Using the ValidatedDataCatalog

Basic Usage

from adc_toolkit.data.catalog import ValidatedDataCatalog

# Initialize with default validators (GX if available, then Pandera)
catalog = ValidatedDataCatalog.in_directory("./config")

# Load data - automatically validated after loading
df = catalog.load("house_prices.raw")

# Save data - automatically validated before saving
catalog.save("house_prices.processed", df)

Specifying a Validator

from adc_toolkit.data.catalog import ValidatedDataCatalog
from adc_toolkit.data.validators.gx import GXValidator
from adc_toolkit.data.validators.pandera import PanderaValidator

# Use Great Expectations
catalog = ValidatedDataCatalog.in_directory(
    "./config",
    validator_class=GXValidator
)

# Use Pandera
catalog = ValidatedDataCatalog.in_directory(
    "./config",
    validator_class=PanderaValidator
)

Dynamic Query Parameters

For SQL-based datasets, you can pass parameters at load time:

# If your SQL file contains placeholders like {min_price}
df = catalog.load(
    "house_prices.from_sql",
    min_price=100000,
    max_price=500000
)

How Validation Works

  1. First Load: The validator "freezes" the DataFrame schema (columns and types)
  2. Subsequent Loads/Saves: Data is validated against the frozen schema
  3. Schema Drift Detection: If the data structure changes, validation fails with a clear error

Data Validation

Great Expectations (GX)

Great Expectations is the default validator when installed. It provides powerful data validation with automatic expectation suite generation.

How GX Validation Works

  1. On first validation, GX creates an expectation suite named {dataset_name}_suite
  2. The schema is "frozen" with column and type expectations
  3. Every load/save runs a checkpoint to validate the data

Adding Custom Expectations

from adc_toolkit.data.validators.gx import (
    BatchManager,
    ConfigurationBasedExpectationAddition,
)
from adc_toolkit.data.validators.gx.data_context.repo import RepoDataContext

# Load your data
catalog = ValidatedDataCatalog.in_directory("./config")
df = catalog.load("house_prices.raw")

# Create batch manager for adding expectations
data_context = RepoDataContext("./config").create()
batch_manager = BatchManager("house_prices.raw", df, data_context)
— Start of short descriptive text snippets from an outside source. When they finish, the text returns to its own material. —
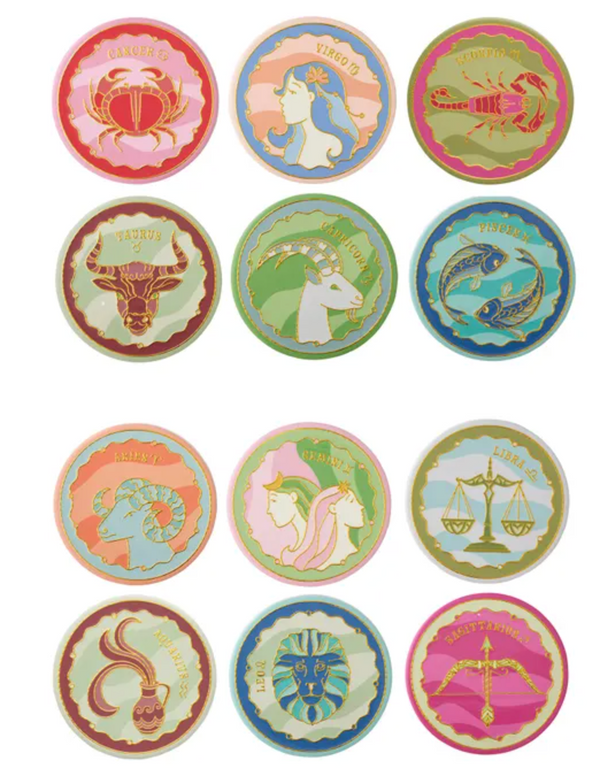 Coast To Coast Zodiac Ceramic Coaster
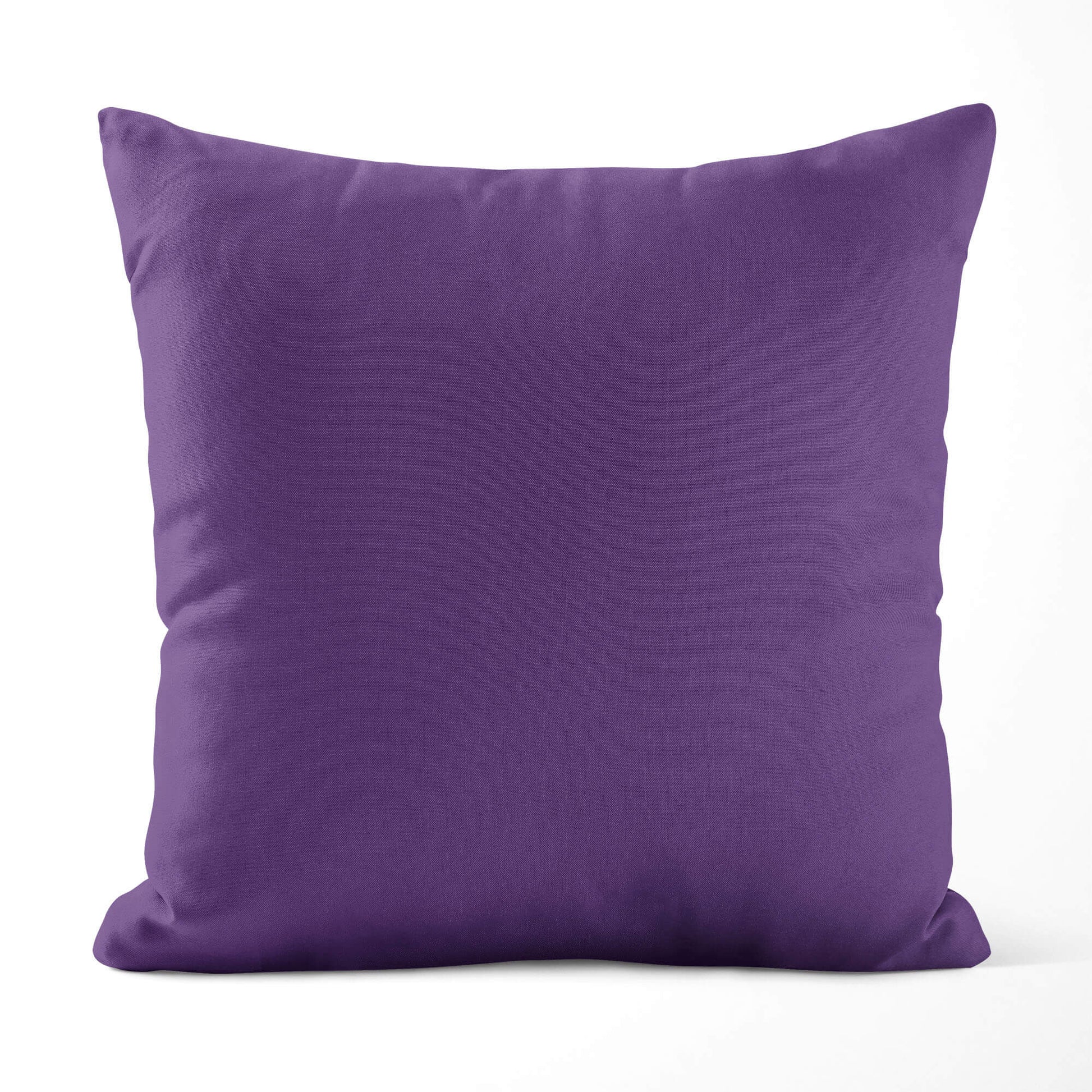 Concord Purple Throw Pillow Covers and Euro Shams Premium USA Cotton - b381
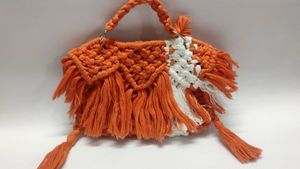 Macrame Hand Bag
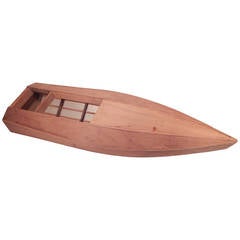 Fiberglass Bottom Boat Model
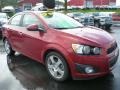 Crystal Red Tintcoat - Sonic LTZ Sedan Photo No. 7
# Define custom expectations
expectations = [
    {"expect_column_values_to_not_be_null": {"column": "SalePrice"}},
    {"expect_column_values_to_be_between": {
        "column": "SalePrice",
        "min_value": 0,
        "max_value": 1000000,
    }},
    {"expect_column_values_to_be_unique": {"column": "Id"}},
]

# Add expectations to the suite
expectation_adder = ConfigurationBasedExpectationAddition()
expectation_adder.add_expectations(batch_manager, expectations)

Pandera

Pandera provides DataFrame validation using Python type annotations and is lighter-weight than GX.
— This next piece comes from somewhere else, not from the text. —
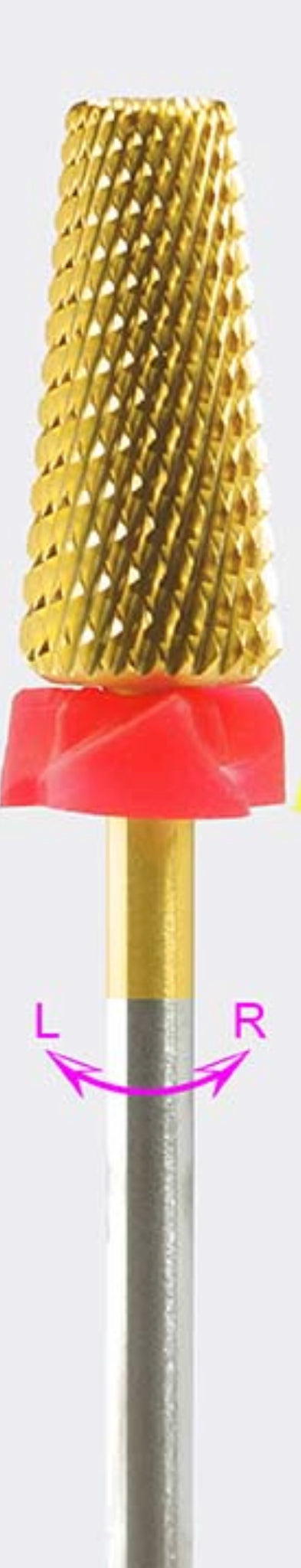 Nail Drill Bits - Cross Cut Carbine - FINE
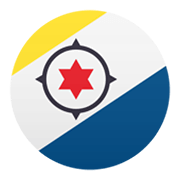 🇧🇶 Emoji Bandera: Caribe Neerlandés en JoyPixels 5.5.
How Pandera Validation Works

  1. On first validation, Pandera auto-generates a schema from the DataFrame
  2. The schema is saved as a Python file in config/pandera_schemas/{dataset_name}.py
  3. Every load/save validates against the stored schema

Pandera Folder Structure

config/
├── base/
│   └── ...
├── local/
│   └── ...
└── pandera_schemas/           # Auto-created by Pandera
    ├── house_prices.raw.py
    ├── house_prices.processed.py
    └── ...

Configuring Pandera

from adc_toolkit.data.catalog import ValidatedDataCatalog
from adc_toolkit.data.catalogs.kedro import KedroDataCatalog
from adc_toolkit.data.validators.pandera import PanderaValidator
from adc_toolkit.data.validators.pandera.parameters import PanderaParameters

# Disable lazy validation
parameters = PanderaParameters(lazy=False)

# Create validator with custom parameters
validator = PanderaValidator.in_directory("./config", parameters=parameters)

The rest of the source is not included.